The following words are reprinted from a Nieman Reports article written by Aung Zaw, editor of The Irrawaddy, a magazine about Burma and Southeast Asian affairs located in Chiang Mai, Northern Thailand. In this section of his article, Zaw addressed the difficult question of how much editorial freedom a publication and its journalists can have when it depends so heavily, as his does, on funding from foundations and governments. Read his complete article from the Summer 2006 issue of Nieman Reports.

Burmese publications in exile must also assert their independence from other influences, namely the international donors upon which they rely for financial support in the absence of a sustainable business model. In the long run, some publishers and editors are concerned that this may prove to be the greatest challenge to editorial independence. Many Burmese publications in exile seek to diversify their donors, as they worry that depending upon a single source of financial aid makes them vulnerable to pressure from donors that take issue with the publication’s reporting or editorial policies.

The Irrawaddy is among those exiled publications that receive funding from several international donors from European countries and the United States. Without these generous contributions, The Irrawaddy and most other publications produced in exile would not survive for long. But grants from international funding agencies can also bring their share of troubles to publications operating in exile. An incident relating to The Irrawaddy can serve to illustrate the perils of relying on international donors.

In 2002, at a Burma Night panel discussion at the Foreign Correspondents’ Club of Thailand in Bangkok, I came under fire from the former charge d’affaires of the U.S. Embassy in Rangoon, Priscilla A. Clapp, for allegedly condoning the attacks on the United Sates on September 11, 2001. (The charge d’affaires has been the highest-ranking U.S. diplomatic official in Burma since the United States downgraded its diplomatic ties with Rangoon in 1988.) Clapp, who was a guest of honor at the Burma Night discussion, was invited to make a closing remark on a panel discussion, which included this author.

She first praised the “very good journalism of The Irrawaddy” before she said, “I remind [the editor of The Irrawaddy] that he is highly supported by the American government, and we did notice his editorial in the Thai press saying that America deserved the attack on September 11.” She continued sternly, “That does not go unnoticed in Washington.”

Just after the September 11th attacks, I wrote an editorial on U.S. foreign policy that appeared on The Irrawaddy’s Web site, as well as in the Bangkok Post. This opinion piece was indeed critical of the Bush administration’s foreign policy but did not say that the United States deserved the attack. Clapp apparently believed she was entitled to make this unwarranted and undiplomatic assault on me, because I am the editor of a magazine that has been receiving grants from the Washington-based National Endowment for Democracy (NED), a congressionally funded organization. NED supports several Burma-related projects promoting democracy, human rights, and media development.

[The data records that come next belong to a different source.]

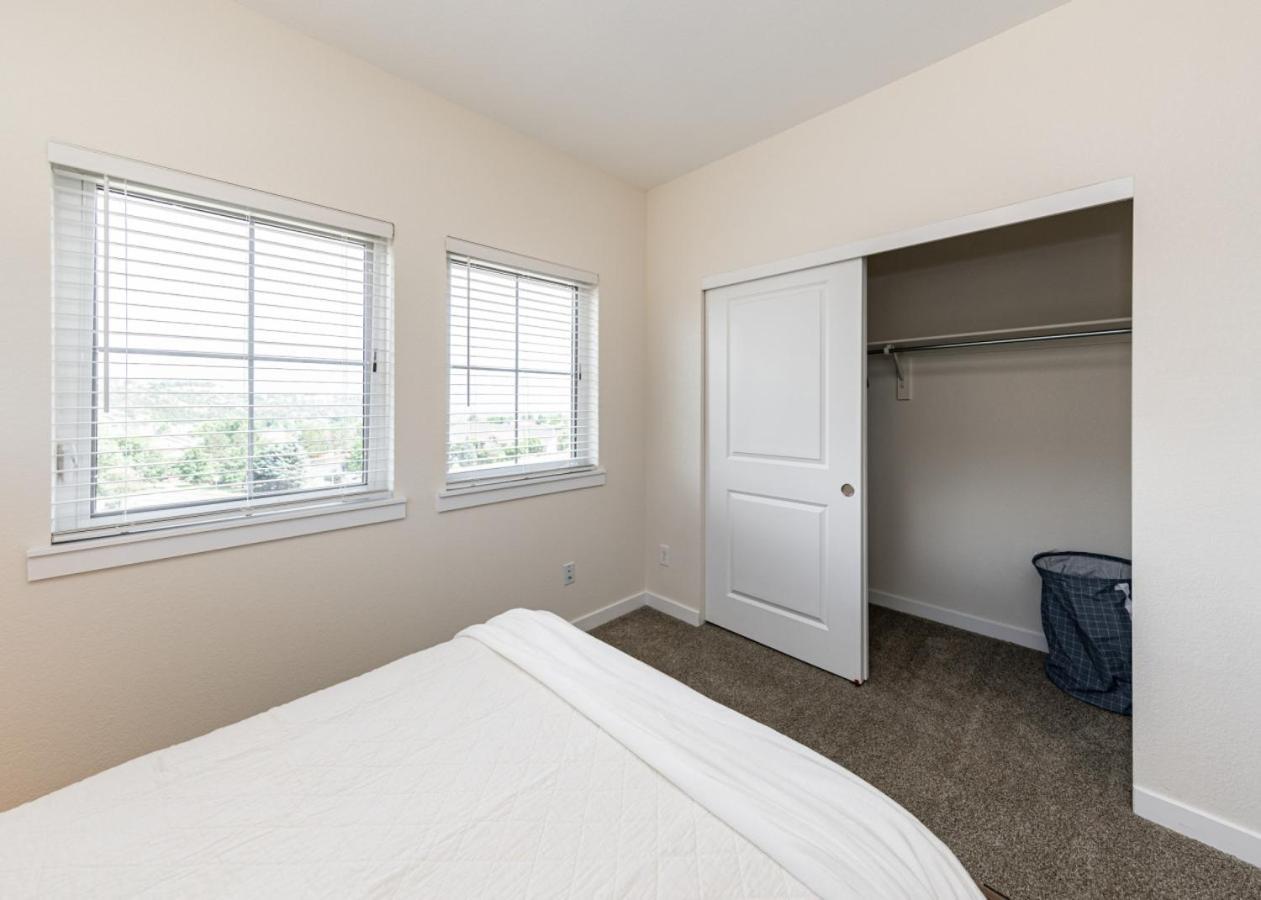 2 Bedroom Fully Furnished Luxury 304 Colorado Springs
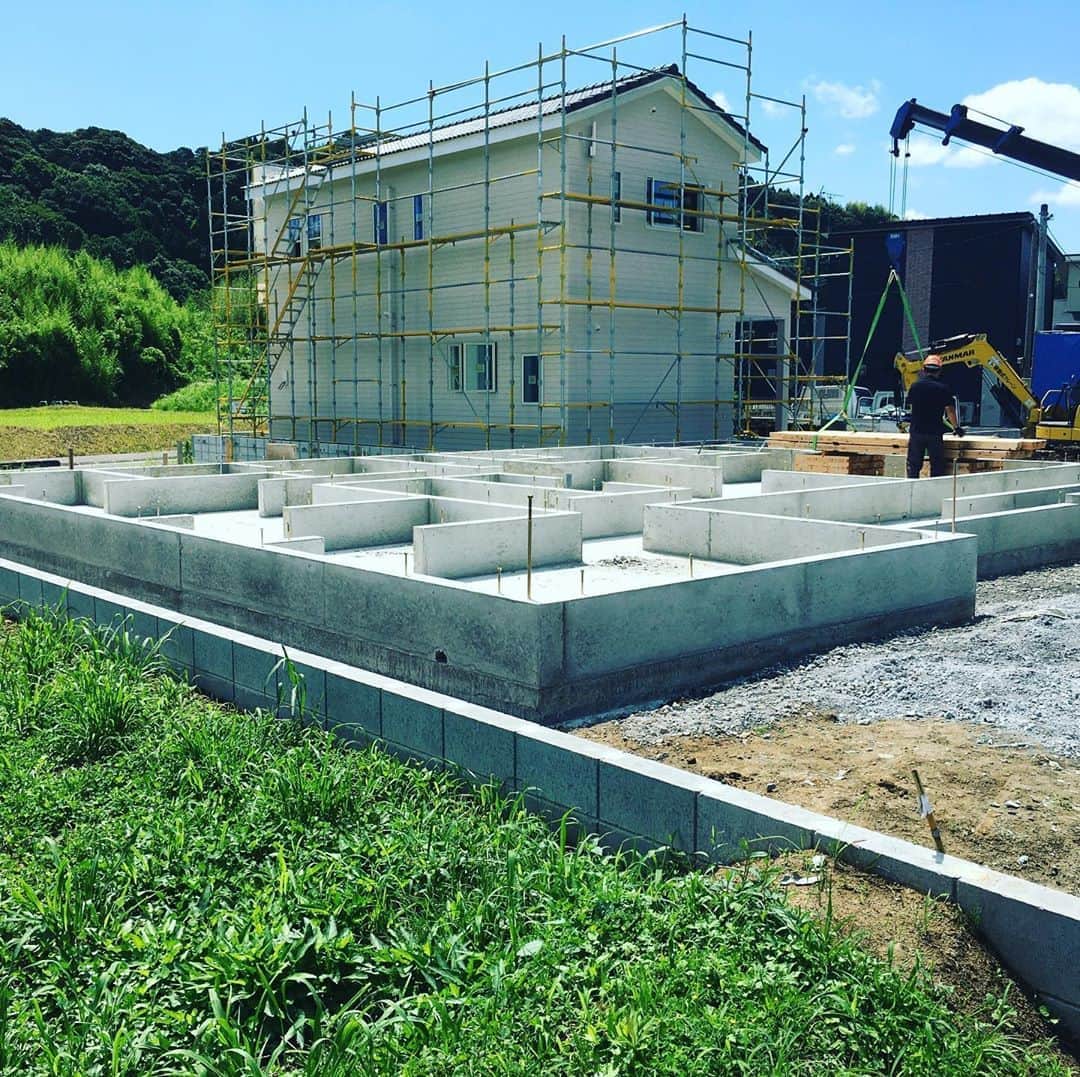 日大建築のインスタグラム：「基礎工事完了👷‍♀️ #日大建築#カリフォルニアスタイル #サーファーズハウス新築#注文住宅#宮崎市#モダン#オシャレ#ビーチ#海#surf #ハワイ#アメリカン#大工#建築#設計#ウッドスタイル#中古住宅#リフォーム#リノベーション#カバードポーチ#ウッドデッキ#ヘリンボーン#マイホーム#家造り」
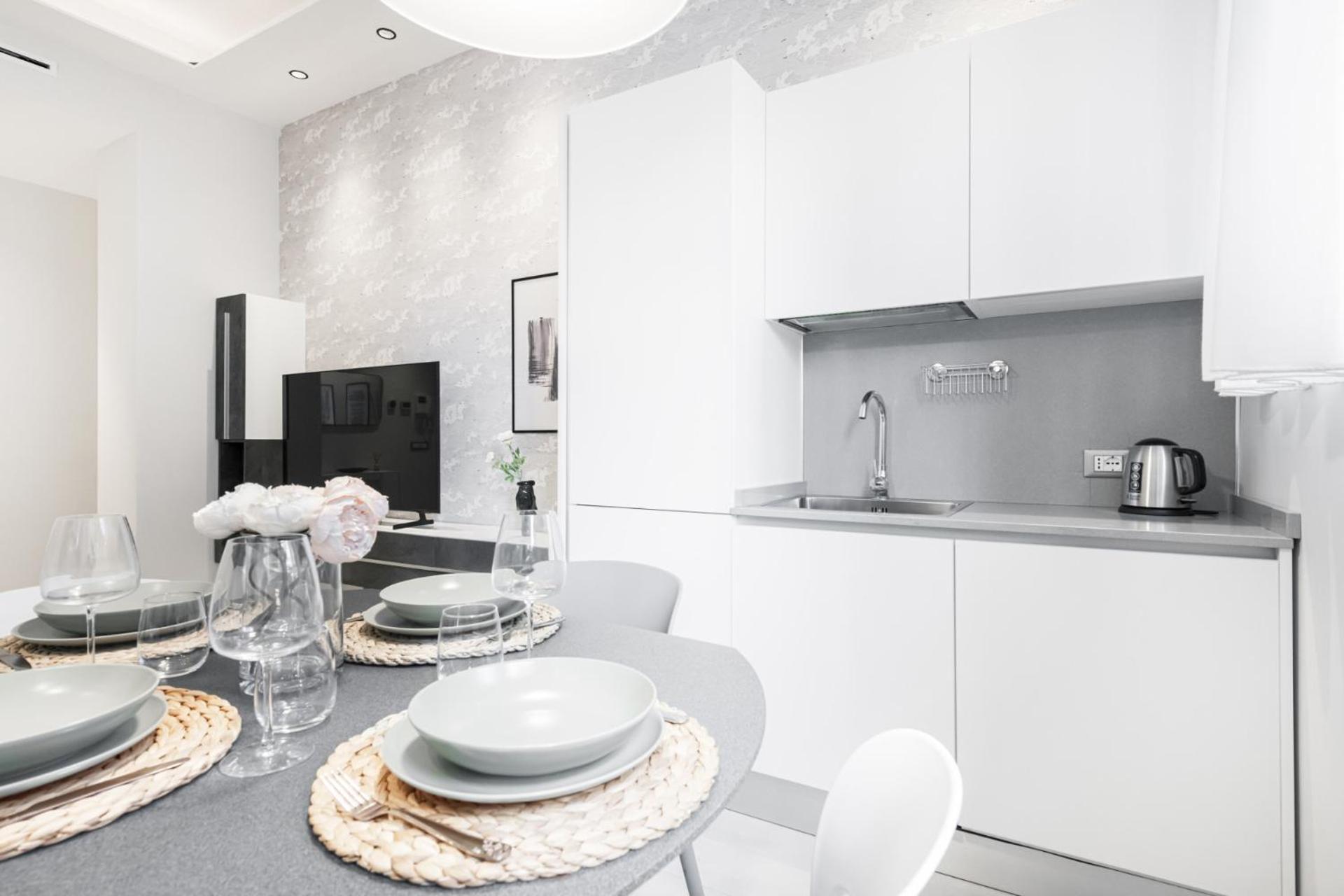 Easylife -formidabile In Porta Romana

More recently, in March 2006, another Burmese media group, the New Delhi-based Mizzima News agency, was told by NED to retract an essay that it claimed advocated violence. Mizzima pulled the article, but the damage was done. A radical campaign group known as Dictator Watch issued a statement criticizing NED, calling it the “National Endowment for Hypocrisy.”

NED insists that it was not engaging in editorial interference when it called for the withdrawal of the commentary, but was merely taking action because Mizzima had violated one of the conditions of its grant agreement. (Under its charter, NED is specifically prohibited from funding groups that engage in armed struggle. Ironically, the chief editor of Mizzima was a former hijacker who commandeered a Thai Airways International plane to Calcutta from Bangkok in 1990.)

At home and abroad, Burmese journalists face sometimes daunting obstacles in their struggle to survive and preserve their editorial independence. Though the kinds of journalistic courage called upon in each circumstance differ, without strongly adhering to the stance of independence neither entity will function as it should.